五十嵐夕紀はこの10年同窓会のお誘いを断り続けていた。

それは高校時代に付き合っていた彼、藤田裕に会う事に気が引けたから・・・

卒業間近、彼は関西の一流大学に合格し夕紀とは遠距離恋愛になってしまう事が決まった。

夕紀は彼より自分が信用できずにその遠距離恋愛を拒否してしまった。

想いを残したまま旅立つ彼を見送りにも行かなかった。

その後時々届く彼からの手紙にも返信する事も無く、何時しかそれも途絶えた。

それを引きずってしまったのか夕紀の恋愛はそれから全く上手く行かなかった。

その日、高校時代からの親友である臼井幸からどうしても一緒に行こうと引きずられるように連れてこられた同窓会だった。

乗り気でない同窓会ほどつまらない物はない。

一人壁の花と化してただ幹事や先生たちが話をしているのをぼんやり眺めているだけだった。
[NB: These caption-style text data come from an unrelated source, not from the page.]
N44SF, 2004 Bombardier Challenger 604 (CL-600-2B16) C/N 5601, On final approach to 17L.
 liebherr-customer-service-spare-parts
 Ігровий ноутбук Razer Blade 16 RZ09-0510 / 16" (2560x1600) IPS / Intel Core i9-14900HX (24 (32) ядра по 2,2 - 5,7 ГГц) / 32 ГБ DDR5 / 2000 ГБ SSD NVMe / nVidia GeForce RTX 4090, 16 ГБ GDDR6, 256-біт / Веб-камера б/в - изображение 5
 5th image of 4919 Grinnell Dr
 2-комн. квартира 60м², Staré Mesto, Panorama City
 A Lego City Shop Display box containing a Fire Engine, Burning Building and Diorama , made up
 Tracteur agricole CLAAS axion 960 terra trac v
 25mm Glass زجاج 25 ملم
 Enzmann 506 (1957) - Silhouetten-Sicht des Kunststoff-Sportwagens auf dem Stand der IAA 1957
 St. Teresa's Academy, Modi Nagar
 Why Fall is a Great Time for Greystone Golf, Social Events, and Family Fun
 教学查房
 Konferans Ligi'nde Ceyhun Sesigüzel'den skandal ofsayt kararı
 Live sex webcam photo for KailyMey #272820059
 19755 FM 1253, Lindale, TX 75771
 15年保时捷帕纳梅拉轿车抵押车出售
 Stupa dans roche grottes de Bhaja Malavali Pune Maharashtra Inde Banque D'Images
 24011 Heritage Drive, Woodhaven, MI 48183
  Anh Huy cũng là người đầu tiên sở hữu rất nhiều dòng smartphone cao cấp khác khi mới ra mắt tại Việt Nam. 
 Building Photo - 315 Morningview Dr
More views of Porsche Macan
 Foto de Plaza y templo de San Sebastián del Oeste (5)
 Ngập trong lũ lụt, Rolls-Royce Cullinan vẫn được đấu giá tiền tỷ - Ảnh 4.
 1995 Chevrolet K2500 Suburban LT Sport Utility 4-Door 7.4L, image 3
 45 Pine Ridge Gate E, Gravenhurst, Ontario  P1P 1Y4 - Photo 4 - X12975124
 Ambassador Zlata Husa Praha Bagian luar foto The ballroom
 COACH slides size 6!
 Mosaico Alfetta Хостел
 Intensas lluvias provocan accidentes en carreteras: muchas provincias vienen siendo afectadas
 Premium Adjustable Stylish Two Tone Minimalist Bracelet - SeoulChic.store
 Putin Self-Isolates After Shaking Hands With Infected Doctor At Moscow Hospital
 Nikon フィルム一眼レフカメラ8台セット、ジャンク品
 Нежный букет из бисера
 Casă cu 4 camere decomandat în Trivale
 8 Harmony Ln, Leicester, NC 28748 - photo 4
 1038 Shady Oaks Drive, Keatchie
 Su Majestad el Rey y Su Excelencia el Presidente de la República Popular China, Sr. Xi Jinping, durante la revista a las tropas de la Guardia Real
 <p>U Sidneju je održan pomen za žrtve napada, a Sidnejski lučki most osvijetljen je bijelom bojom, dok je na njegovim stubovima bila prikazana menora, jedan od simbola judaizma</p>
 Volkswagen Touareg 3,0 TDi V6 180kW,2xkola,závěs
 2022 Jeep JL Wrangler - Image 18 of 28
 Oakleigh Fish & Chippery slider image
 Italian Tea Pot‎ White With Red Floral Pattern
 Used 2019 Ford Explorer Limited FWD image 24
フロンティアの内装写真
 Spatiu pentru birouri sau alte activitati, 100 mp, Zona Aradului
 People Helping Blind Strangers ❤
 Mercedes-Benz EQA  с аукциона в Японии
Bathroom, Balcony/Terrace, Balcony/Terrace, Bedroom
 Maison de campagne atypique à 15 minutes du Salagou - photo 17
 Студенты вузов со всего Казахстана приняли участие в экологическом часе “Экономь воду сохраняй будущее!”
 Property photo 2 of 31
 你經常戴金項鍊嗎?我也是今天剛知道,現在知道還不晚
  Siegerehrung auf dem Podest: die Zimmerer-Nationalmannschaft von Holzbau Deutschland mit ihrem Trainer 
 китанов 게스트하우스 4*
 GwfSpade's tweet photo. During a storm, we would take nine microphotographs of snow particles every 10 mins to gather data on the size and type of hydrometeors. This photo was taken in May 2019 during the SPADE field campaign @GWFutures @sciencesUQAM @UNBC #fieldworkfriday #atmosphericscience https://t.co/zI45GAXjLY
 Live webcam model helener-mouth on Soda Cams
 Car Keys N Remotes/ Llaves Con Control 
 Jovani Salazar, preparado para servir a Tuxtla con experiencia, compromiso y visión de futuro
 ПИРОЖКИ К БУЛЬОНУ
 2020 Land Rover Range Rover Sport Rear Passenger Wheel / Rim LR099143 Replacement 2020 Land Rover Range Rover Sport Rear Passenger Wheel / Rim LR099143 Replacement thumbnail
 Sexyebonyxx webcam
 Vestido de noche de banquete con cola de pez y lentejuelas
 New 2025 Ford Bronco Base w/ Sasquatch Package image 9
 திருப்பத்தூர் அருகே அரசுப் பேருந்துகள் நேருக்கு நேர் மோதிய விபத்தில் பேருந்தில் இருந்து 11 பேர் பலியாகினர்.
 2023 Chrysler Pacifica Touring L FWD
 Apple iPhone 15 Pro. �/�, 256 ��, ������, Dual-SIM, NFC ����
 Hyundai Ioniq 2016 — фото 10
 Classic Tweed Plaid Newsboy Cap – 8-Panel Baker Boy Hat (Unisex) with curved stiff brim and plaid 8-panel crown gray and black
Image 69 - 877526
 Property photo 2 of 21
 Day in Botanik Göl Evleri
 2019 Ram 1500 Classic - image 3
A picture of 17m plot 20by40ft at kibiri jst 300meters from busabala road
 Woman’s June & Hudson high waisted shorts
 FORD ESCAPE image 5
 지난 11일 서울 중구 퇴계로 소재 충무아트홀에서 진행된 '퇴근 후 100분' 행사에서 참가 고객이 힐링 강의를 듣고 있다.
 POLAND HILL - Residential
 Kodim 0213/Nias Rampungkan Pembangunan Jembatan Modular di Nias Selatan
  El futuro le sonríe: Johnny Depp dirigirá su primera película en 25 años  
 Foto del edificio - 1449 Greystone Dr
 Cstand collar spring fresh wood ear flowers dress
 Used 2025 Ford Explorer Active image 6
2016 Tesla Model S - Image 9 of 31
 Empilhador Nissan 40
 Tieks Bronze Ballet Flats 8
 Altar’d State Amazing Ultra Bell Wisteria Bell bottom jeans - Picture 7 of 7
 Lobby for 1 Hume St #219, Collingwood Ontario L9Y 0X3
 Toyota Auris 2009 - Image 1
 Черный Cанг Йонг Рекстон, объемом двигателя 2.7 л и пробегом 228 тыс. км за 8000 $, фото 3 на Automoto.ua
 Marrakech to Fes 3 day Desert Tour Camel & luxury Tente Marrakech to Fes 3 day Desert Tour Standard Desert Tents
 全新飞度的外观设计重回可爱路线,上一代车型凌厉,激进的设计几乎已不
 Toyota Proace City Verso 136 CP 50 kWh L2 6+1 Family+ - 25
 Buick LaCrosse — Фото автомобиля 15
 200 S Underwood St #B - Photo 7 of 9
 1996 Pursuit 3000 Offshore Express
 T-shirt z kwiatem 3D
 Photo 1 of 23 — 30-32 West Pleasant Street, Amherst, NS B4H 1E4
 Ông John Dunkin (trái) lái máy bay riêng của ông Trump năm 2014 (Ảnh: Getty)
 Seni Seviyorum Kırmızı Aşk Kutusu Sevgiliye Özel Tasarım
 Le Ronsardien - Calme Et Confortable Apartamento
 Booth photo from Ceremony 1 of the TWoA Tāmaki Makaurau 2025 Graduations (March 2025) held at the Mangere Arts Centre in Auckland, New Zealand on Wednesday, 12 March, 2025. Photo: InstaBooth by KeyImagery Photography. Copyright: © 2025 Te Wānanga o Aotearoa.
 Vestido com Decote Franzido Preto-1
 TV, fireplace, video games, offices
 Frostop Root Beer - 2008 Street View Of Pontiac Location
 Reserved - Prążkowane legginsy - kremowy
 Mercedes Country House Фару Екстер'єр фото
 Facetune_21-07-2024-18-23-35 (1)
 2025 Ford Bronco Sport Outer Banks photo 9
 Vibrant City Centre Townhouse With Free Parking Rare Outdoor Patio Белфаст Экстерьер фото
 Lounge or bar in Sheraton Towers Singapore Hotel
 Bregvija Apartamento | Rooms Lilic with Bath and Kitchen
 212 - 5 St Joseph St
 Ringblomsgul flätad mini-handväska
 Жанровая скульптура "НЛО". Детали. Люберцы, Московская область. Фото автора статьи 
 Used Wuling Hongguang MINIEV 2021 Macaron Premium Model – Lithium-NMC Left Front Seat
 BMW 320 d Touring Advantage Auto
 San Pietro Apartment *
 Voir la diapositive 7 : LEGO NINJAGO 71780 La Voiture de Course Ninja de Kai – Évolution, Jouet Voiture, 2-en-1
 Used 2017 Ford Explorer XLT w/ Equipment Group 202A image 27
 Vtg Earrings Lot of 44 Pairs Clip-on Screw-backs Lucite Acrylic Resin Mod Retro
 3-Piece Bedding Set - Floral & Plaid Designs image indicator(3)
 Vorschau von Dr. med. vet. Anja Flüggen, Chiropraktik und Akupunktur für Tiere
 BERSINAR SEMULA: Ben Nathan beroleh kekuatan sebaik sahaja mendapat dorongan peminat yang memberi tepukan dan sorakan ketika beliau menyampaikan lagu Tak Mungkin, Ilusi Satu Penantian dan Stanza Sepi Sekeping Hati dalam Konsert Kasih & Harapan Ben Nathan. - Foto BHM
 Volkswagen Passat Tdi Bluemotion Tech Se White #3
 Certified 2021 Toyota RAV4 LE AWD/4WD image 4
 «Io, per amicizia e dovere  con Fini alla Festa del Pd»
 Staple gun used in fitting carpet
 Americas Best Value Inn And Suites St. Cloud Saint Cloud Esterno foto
無理やり引っ張って来た臼井幸の姿はいつの間にか消えていて、夕紀はぽつんと立ち尽くしていた。

その時に横から声を掛けられた。

「元気だった?」

急だったのでちょっと驚いて振り向くとそこには裕が立っていた。

高校時代より少しだけ大人びて、でもあの素敵な笑顔は変わっていなかった。

「あ・・・久しぶり・・・裕・・・」

「うん、久しぶりだね、夕紀。」

「うん・・・あの・・・ごめんね・・・。」

「ん?何が?」

「何がって・・・あの・・・ほら、折角くれた手紙に返事とか出さなかったし・・・。」

「ああ・・・でも、仕方ないよ。夕紀も辛かったんだろうし・・・。」

「うん・・・・」

「良いんだよ。もう気にしなくて。」

「ありがとう・・・・。」

「それで、夕紀は今どうしているんだい?」

「あ、うん、こっちの大学卒業してから銀行にお勤めしてる。」

「へぇ~!凄いじゃん。」

「そんな事無いわよ。ただの窓口業務とかだし・・・。」

「いやいや、凄いよ。だってあの頃から将来銀行に勤めたいって言っていたんじゃん。夢が叶ったんだね。」

「あ・・・そういう事話したっけ?」

「うわ、それは酷いな。ハハハ・・・忘れんなよ~。」

「ごめん・・・私、裕に申し訳なくて、出来るだけあの頃の事思い出さない様にしていたかも。」

「そうなんだ・・・・。でもさ、もう忘れて良いよ。お互いもう大人じゃん。あの頃のことはいい思い出として心に仕舞っておいてもいいさ。」

「うん、そうだね・・。いい思い出・・・たくさんあるね・・。」

「そうだよ、いい思い出だよ。だからもう自分を責めなくても良いからね・・・・。」

「うん、ありがとう・・・裕・・・。あの時言えなかったけど・・・大好きだったよ・・・。」

「ああ・・・僕も大好きだった。」

そういう裕の笑顔は変わらず優しい。

思わず涙がこぼれそうになり夕紀はちょっと席を外した。

「ごめん・・・ちょっと化粧室に行ってくるね。まだ居るよね?」

「ああ・・・大丈夫、まだ居るよ。行っておいで。」

そう言われて安心して夕紀は化粧室へ向かった。

化粧室から戻ると裕の姿が見えなかった。

その代わり姿が見えなかった幸が壁際に立っていた。

「あ、幸。何処にいたのよ。私一人にして。」

「ごめん、ごめん・・・。ほら、私が高校時代好きだった山本浩二くんが居たもんだから、つい追っかけちゃって・・・アハ♪」

「アハ♪じゃ、無いわよ、もう。で、山本くんはもう良いの?」

「う~ん・・・だって結婚したって言うんだもん・・・・。不倫はダメでしょ?」

「当たり前じゃない。」

「アハ♪そうよね。で、夕紀はずっと一人で何していたの?」

「あ・・・いや・・・それが一人ってわけじゃ・・・。」

その時司会をしていた元生徒会長が急にマイクのボリュームを上げて皆に注目するように告げた。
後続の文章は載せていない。